Welcome to the first exercise where you will explore the tool Great Expectations to set-up automated Data Quality checks. Great Expectations (or GX) is an open-source data validation and documentation tool that allows users to define expected structure, content, and constraints of their data to automatically validate that they actually meets those expectations, using Python code. This helps users ensure that their data is clean, accurate, and ready for analysis or modeling.
In this exercise we will follow the four steps of GX tutorial, applied to our NYC Taxi dataset.

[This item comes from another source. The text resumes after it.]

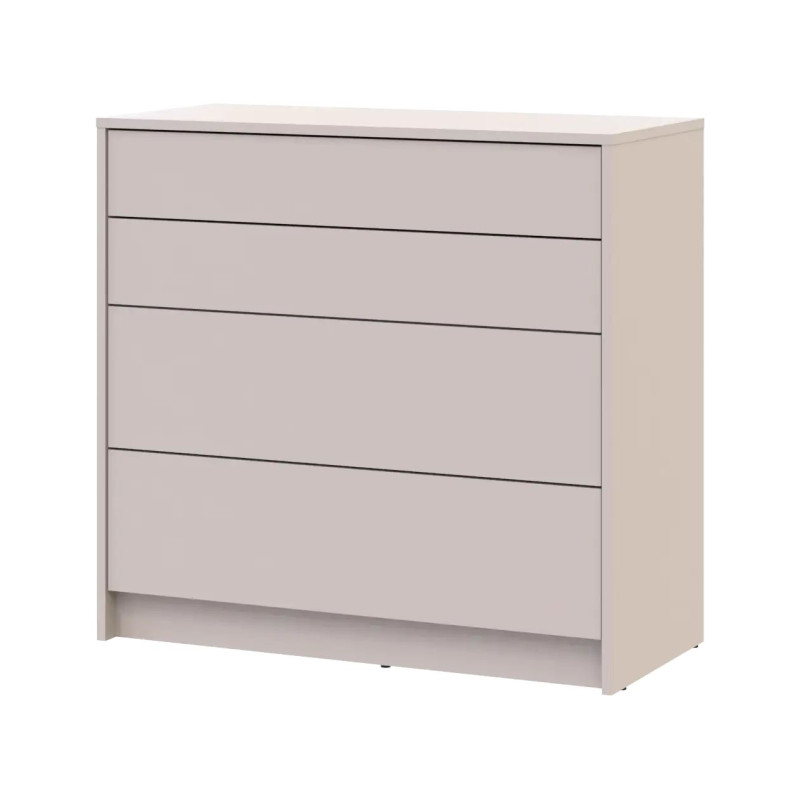 Комод Doros Дейл Кашемір 4Ш 90х41х85 (41516235)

- Setup Great Expectations
- Connect datasource
- Define Expectations
- Validate data
Please follow the notebooks 03-01-setup-quality-tests to complete this exercise.
Second exercise of the Data Management course where you will pull and integrate your first API data, starting with an easy example of a publicly open and free API that doesn't require any credentials to connect.
With this exercise you will be able to code all the flow, from the request to the transformation of the JSON format into a CSV that is then persisted localy.
Please follow the notebooks 03-02-connect-to-open-api to complete this exercise.
Third exercise of the Data Management course where you will pull and integrate your second API data, going further and using a secured API using Authentication token.
With this exercise you will be able to code all the flow, from the request to the transformation of the JSON format into a CSV that is then persisted localy.
Please follow the notebooks 03-03-connect-to-secured-api to complete this exercise.